Agent AI

AI Agent Portal: Try Before You Integrate

Dark-mode developer web application with three panels: agent cards on the left, chat interface in the center, and a collapsible log panel at the bottom.

Part 11 of “My Journey in Building Agents from Scratch” — building a React portal where teams can discover agents, try them against real use cases, and see what’s happening inside them

The discovery service from Post 10 gave us a clean GET /agents endpoint. Every deployed agent was in the registry. We had, finally, a complete inventory of what existed.

Nobody used it.

The endpoint returned JSON. JSON is for machines, or for engineers willing to curl something on a Friday afternoon to understand what it returns. The teams who most needed to find agents — product managers exploring what was possible, junior engineers looking for tools they didn’t know existed — weren’t going to hit a JSON endpoint. They needed a UI.

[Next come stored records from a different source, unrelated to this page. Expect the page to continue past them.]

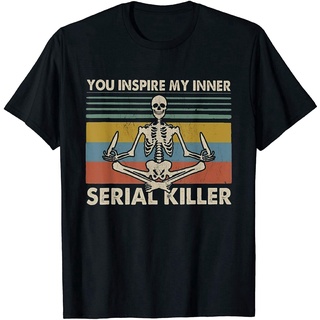 De32wew632 เสื้อยืด ผ้าฝ้าย พิมพ์ลายหัวกะโหลก You Inspire My Inner Serial Killer สไตล์วินเทจ สําหรับผู้ชาย POI32SDF1425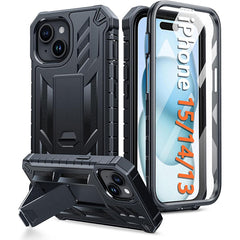 iPhone 15 Phone Case: Military Grade Shockproof with Kickstand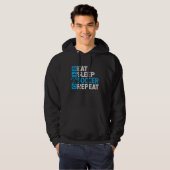 Eat Sleep Soccer Herhalen Hoodie (Voorkant volledig)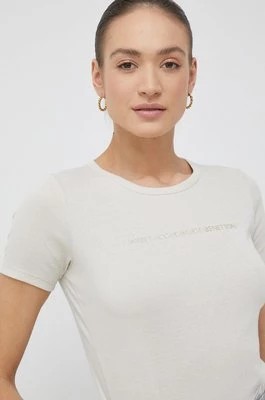 Zdjęcie produktu United Colors of Benetton t-shirt bawełniany kolor beżowy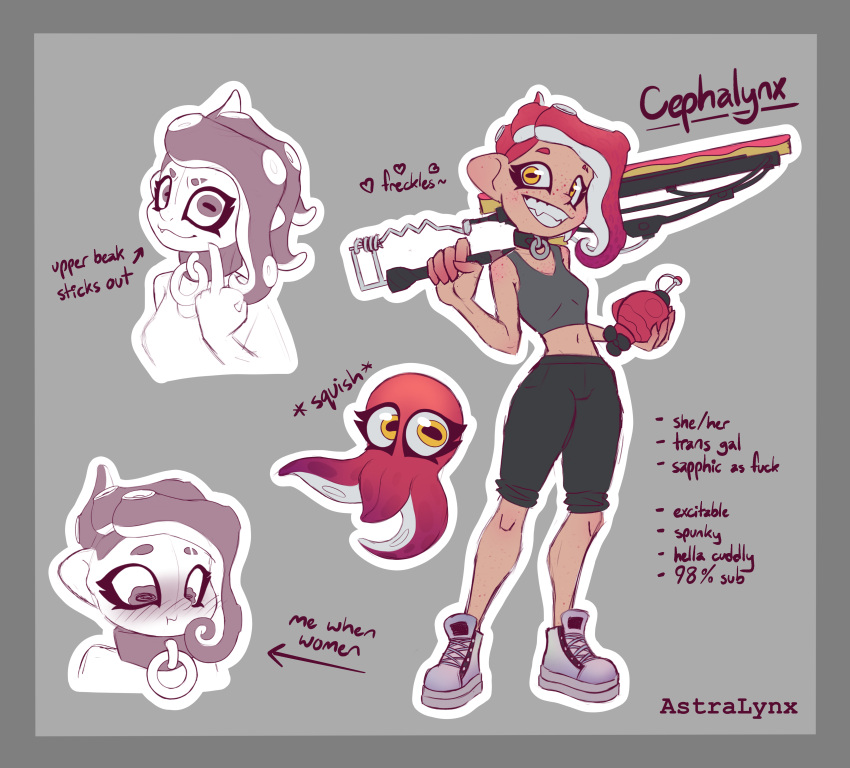 absurd_res astralynx blush cephalopod coleoid collar freckles hair hi_res ink lesbian_thoughts marine melee_weapon mollusk nintendo octarian octoling octoling_girl octopodiform octopus pink_hair splatana_wiper splatoon sword trans_(lore) trans_woman_(lore) weapon yellow_eyes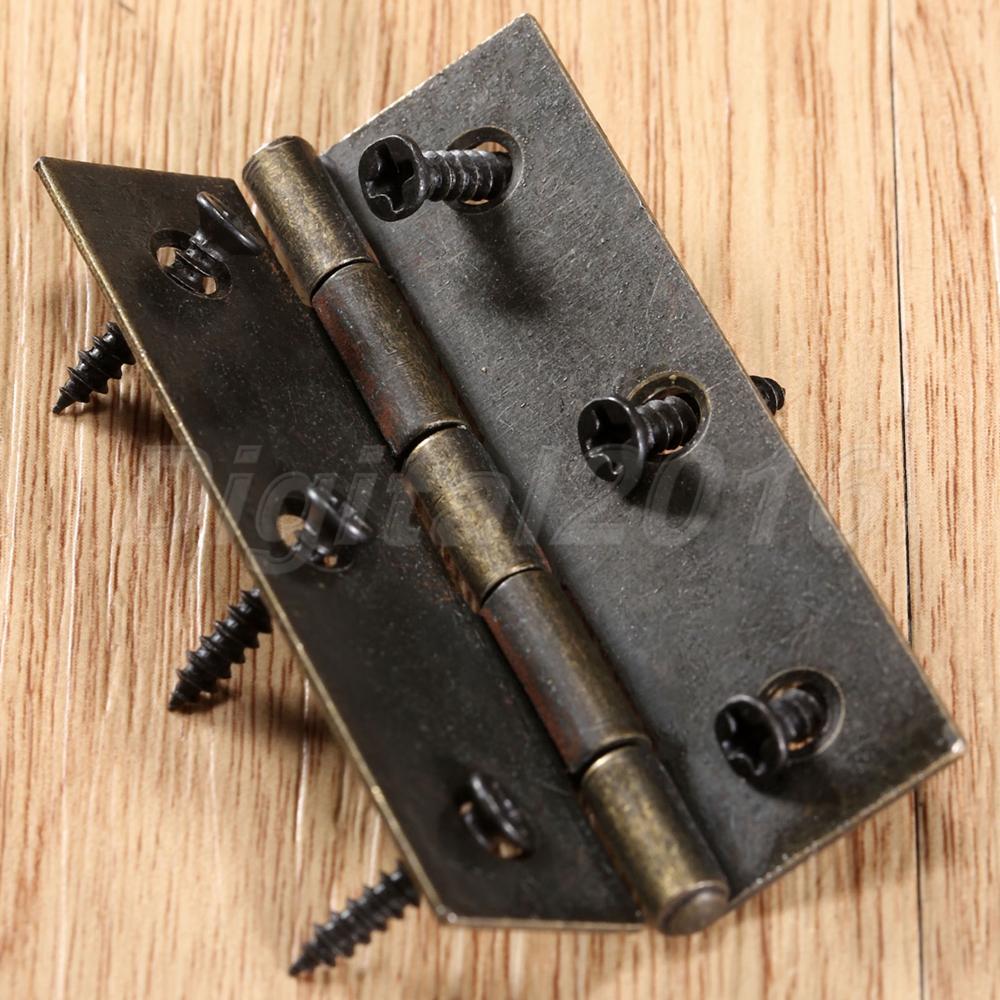 60x38mm Antique Brass Door Hinges Drawer Cupboard Wood Box Butt Hinge eBay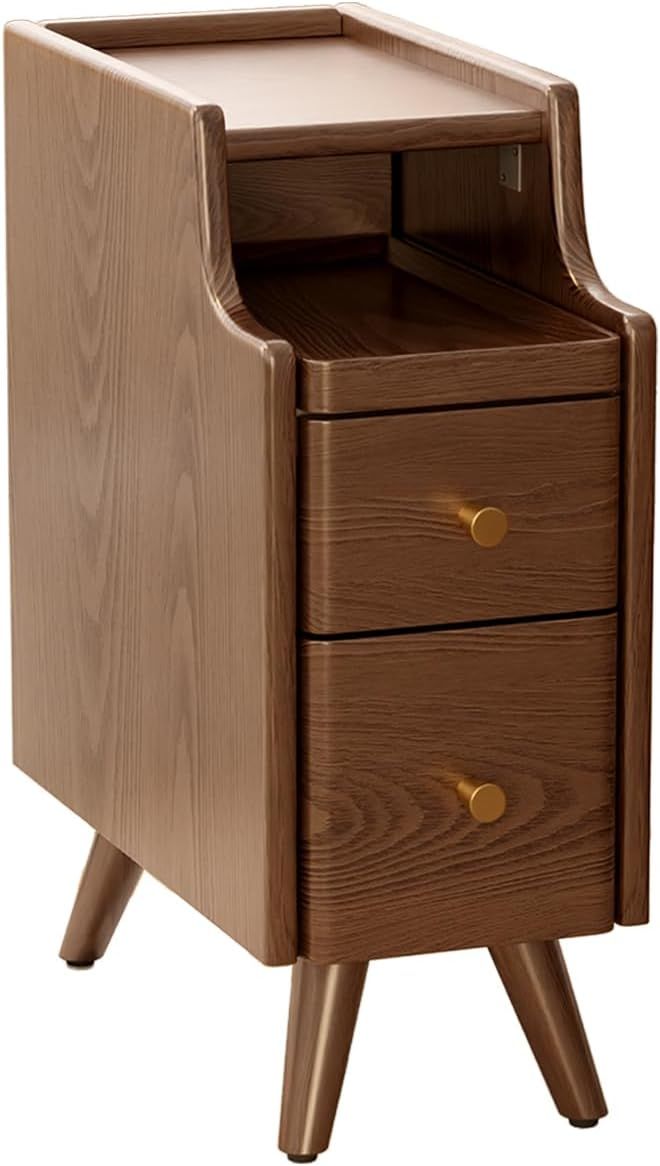 Solid Wood Nightstand with Drawers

That’s where the AI Agent portal started. It grew into something larger.

What the AI Agent Portal Needed to Do

I asked the frontend colleague who’d originally raised the “how does the portal know what’s deployed?” question what they actually wanted people to be able to do.

Three things came back:

See what’s available. Each agent as a card — name, what it does, what tools it has. Not a wall of JSON; something you can scan in 30 seconds.

Try it before committing. Not reading docs about an agent, not asking the person who built it — actually chat with it. See how it responds to your kind of question. Decide if it’s useful before writing a single line of integration code.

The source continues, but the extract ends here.